I took care of the girls in the day when my dad was at work.
What did you know about Alyssa's life
as she entered her teen years?
As she got older, she seemed to be relaxing,
coming more into a space of her own.
She definitely had a very unpleasant relationship
with my father and a very tense one.
Stop! You're not welcome here.
Michael Turney is a former sheriff's deputy.
He looks at the world from a different perspective,
and he says he wants to protect his children.
So he is very controlling of the home environment,
where they go, who they see.
Lyssa!
You were a strict aunt.
Very strict.
She was just very naive to many things.
She didn't comprehend the repercussions of what she did.
It made it more of a task for the parent to protect Lyssa and keeping her in school.
I thought I had strict parents, but my gosh, he's very protective of her.
Like, he would hardly let her go out
and do, like, normal things.
There would be times when she would vent
about things that he was doing.
He was very, very strict.
I do remember her talking about, you know,
I can't wait to turn 18 and get out of here
and stuff like that.
But I think every teenager, you know, kind of complains about that at some point.

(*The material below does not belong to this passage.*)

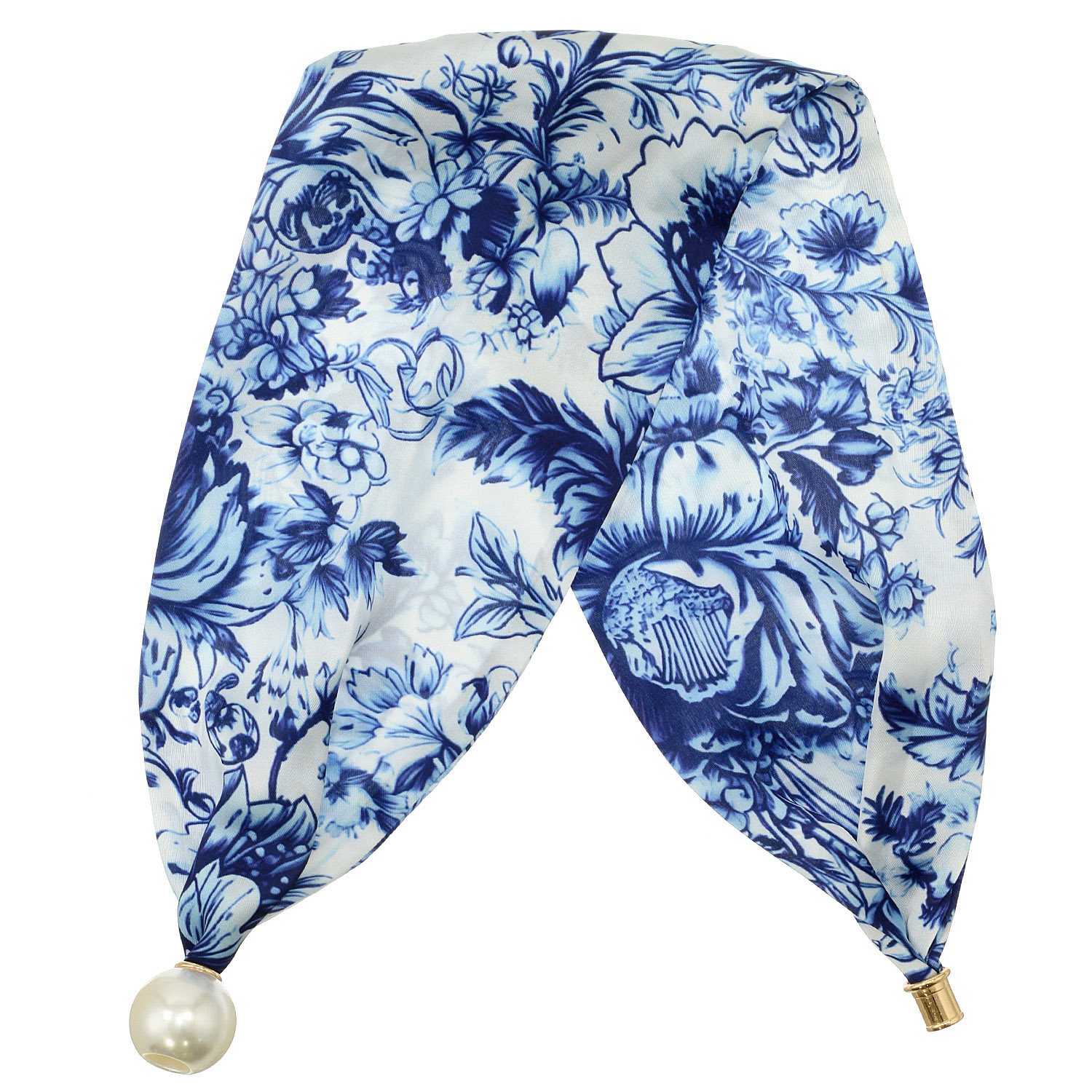 【01，04終了】パールマグネット付きスカーフ - 画像9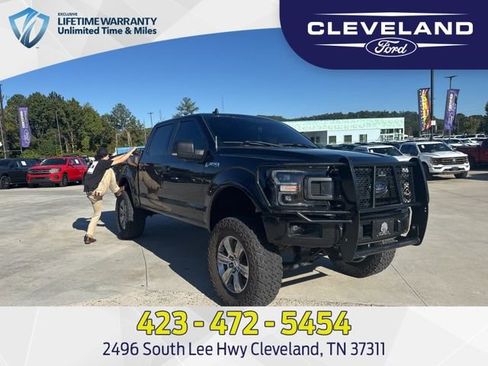 Used 2020 Ford F150 XLT w/ Equipment Group 302A Luxury image 1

In these recorded phone calls from 2001 later released by police, you can hear
Alyssa talking to her boyfriend, I thought your dad would kill you.
Well, yeah, he would.
He'd kill me once I was 18 if I didn't.
Why?
Because he likes to control my life.
There are records that indicate that Alyssa
had been thinking about going to California for some time.
In fact, for her driver's ed essay,
she calculated how long and
how far it would be to drive to California. California was on Alyssa's mind.
Hello. Hello.
Hello.
Goodbye.
Alissa still had nine months to go until her eighteenth birthday, but friends and family
wondered if maybe she had had enough of dad's rules.
Do you have this letter saying that she just sort of had enough?
Talking to both Michael and little sister Sarah and saying, you know, I'm going to California.
Taking some money and sayonara, we're out of here.
That's a fascinating piece of the puzzle.
Her brother James says he noticed a shift in her
in the weeks before she disappeared.
She said, James, can we go for a walk?
We walked down the street and we walked far enough
to where there was a light post.
And once we got to the light post she just broke down crying. I just remember her saying she was
scared and that she wanted to come and live with me. She was having a lot of trouble getting along
with her stepdad. We know that Alyssa had been talking to her maternal aunt in California, maybe going to live with her.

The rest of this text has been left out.